The current Ambassador of Turkmenistan to Pakistan recently said in an interview that, “being a landlocked country, Turkmenistan considered Gwadar port and Karachi port very important to promote its trade and exports with other countries.”
Turkmenistan is naturally endowed with huge gas and oil resources, however, due to its landlocked geographic setting and hostile environment in the neighboring country (Afghanistan), the country is not able to exploit its natural resources to the optimum level. However, Turkmenistan is making efforts to export gas, oil, and electricity to the regional partners for the last three decades. It is also evident from the Joint Gas and Oil Pipeline Agreement (1995), MoU of establishing a Gas Pipeline between Pakistan, Afghanistan, Uzbekistan, and Turkmenistan (1996), MoU of establishing an Energy Interconnection System between Pakistan and Turkmenistan (1999), and Gas Pipeline Agreements between Turkmenistan, Afghanistan, Pakistan, and India (TAPI) in 2008 and 2010.
In terms of economic ties, both countries realize the potential of trade and investments and economic cooperation between both states. This is why both, Pakistan and Turkmenistan are focusing on connectivity through roads, railways, and air links via Afghanistan, and retained several MoU’s and agreements between their ministries and chamber of commerce. Both have established a Joint Commission on Economic Cooperation in 2015, and Turkmenistan-Pakistan Joint Business Council (JBC) in 2019. Moreover, to yield a strong economic bond, both have inked agreements to avoid double taxation on income and to share financial intelligence related to money laundering and terror financing. Similarly, with the completion of the first phase of CPEC, the prospects of collaboration in the field of the blue economy and enhancing the volume of bilateral trade and goodwill are increasing.
As the Ambassador of Turkmenistan to Pakistan Atadjan Movlamov said, “Pakistan was poised to become a hub of economic activities in the region and Turkmenistan was keen to strengthen its trade ties with it.
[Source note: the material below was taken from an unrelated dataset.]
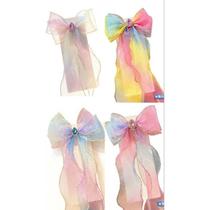 Laço Infantil de Princesa com Fita Longa de Organza e Cristal Luxo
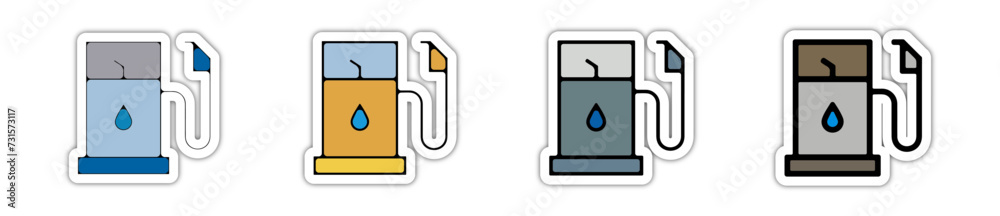 Icones symbole logo pompe carburant essence gaz couleur relief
Pakistan, Afghanistan, and Turkmenistan should consider signing a transit trade agreement.”
Another converging area is the energy sector, as South Asia is an energy deficient region whereas Central Asia produces surplus energy. To meet the burgeoning energy demand of South Asia, specifically of Afghanistan, Pakistan, and India, Turkmenistan can provide up to 3,000MW electricity with almost half the price of electricity generated in these countries. Similarly, the country can be a source of meeting the high demands of LPG and natural gas of the South Asian region. This converging interest could be coupled through connectivity provided by BRI and CPEC routes.
Turkmenistan discussed the signing of a memorandum of understanding (MoU) between Gwadar and Turkmen ports in a Joint Governmental Commission meeting.
In the last few years, education, and science, and technology also became the focus area of cooperation between both brotherly nations. The academic collaboration and agreements signed between higher education commission institutes and think tanks include MoU’s between National University of Modern Languages (NUML) Pakistan, Magtymguly Turkmen State University Turkmenistan, Institute of Peace and Development Studies, Center for Policy Studies COMSATS, Institute of International Relations MOFA Turkmenistan, and University of Humanities and Development. Similarly, both states have inked an agreement of cultural cooperation for the year 2012-14.
A glance at the 28 years of bilateral relations, high-level exchanges, and common stance of both states in international fora depicts that both, Pakistan and Turkmenistan are committed to regional peace and development and share a strong political will. However, both states should find new avenues of cooperation and capitalize on the CPEC, BRI, and Turkmenistan Caspian Seaport connectivity to further their ties.